L’amélioration des conditions d’accueil des personnes les plus défavorisées fait partie des priorités affichées par le gouvernement, qui est allé jusqu’à promouvoir des politiques dites du « logement d’abord » privilégiant l’accès à un logement pérenne et autonome plutôt qu’à des formes d’hébergement plus ou moins institutionnelles, mais souvent précaires. Toutefois, face à l’arrivée de personnes migrantes temporairement ou durablement en situation irrégulière, la question des modalités d’accueil décentes reste d’une actualité brûlante et suscite des initiatives souvent innovantes (occupation temporaire de friches foncières ou immobilières, nouveaux modes constructifs modulaires) et des débats locaux parfois très vifs[1]. Mais là où l’offre d’hébergement reste insuffisante, l’actualité nous rappelle avec régularité le caractère insupportable des conditions d’accueil de ces populations marquées par la précarité. L’incendie de l’hôtel Paris-Opéra reste gravé dans bien des mémoires.

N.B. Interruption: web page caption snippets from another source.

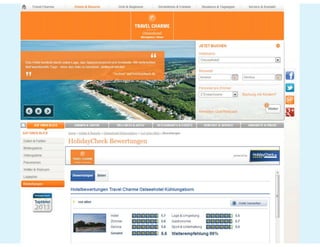 Prezi #hotelvertrieb#ecommerce#SEO_2021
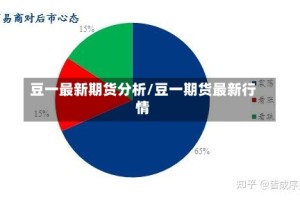 豆一最新期货分析/豆一期货最新行情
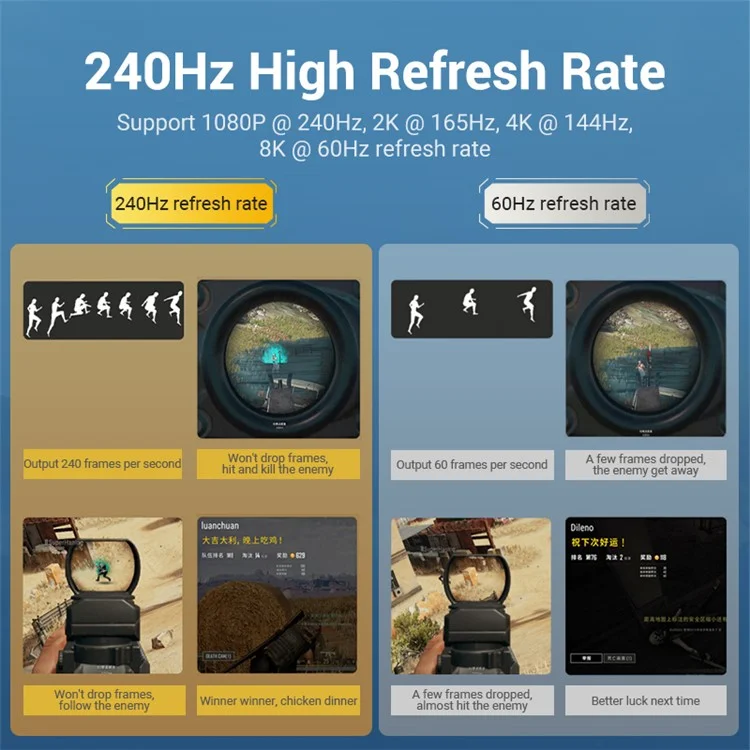 Vention HCCBH 2m DP -kabel 8k / 60 hz 4k / 144Hz Displayport Männlich Zum Displayport Männliches Kabel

Dans la nuit du 14 au 15 avril 2005, dans le IXè arrondissement de Paris, un hôtel qui héberge des familles prises en charge par le Samu social brûle. Vingt-quatre personnes, dont onze enfants, perdent la vie et cinquante-quatre personnes sont blessées. À travers le récit de ce fait divers par ses victimes, Claire Lévy-Vroelant – professeure de sociologie à l’Université Paris VIII, spécialiste de l’habitat – lève une partie du voile sur les dysfonctionnements du système de l’hébergement d’urgence et les conditions de vie imposées aux personnes en situation irrégulière mais aussi sur les mobilisations collectives et la défense des droits des plus précaires. En cela, l’ouvrage vient nourrir de façon salutaire un débat public aux termes trop souvent quantitatifs, se concentrant sur les budgets et le nombre de « places » et n’évoquant que peu des questions telles que la gestion des structures d’hébergement ou la protection de la dignité des personnes hébergées.
Ce petit livre gris, au graphisme minimaliste très soigné, ne ressemble pas à un ouvrage scientifique. L’originalité de la forme reflète l’originalité du contenu, car si cet ouvrage est bien le fruit du travail d’une sociologue, il a été écrit « autrement que sous la forme canonique de l’analyse sociologique » (p. 25). En effet, le choix a été fait de mettre au centre du livre les récits de personnes ayant survécu à l’incendie de l’hôtel dans le but de « laisser aux acteurs la responsabilité de la prise de parole et l’entièreté de son espace » (p. 26). Ainsi, les récits couvrent plus de 400 pages sur les 477 que compte l’ouvrage.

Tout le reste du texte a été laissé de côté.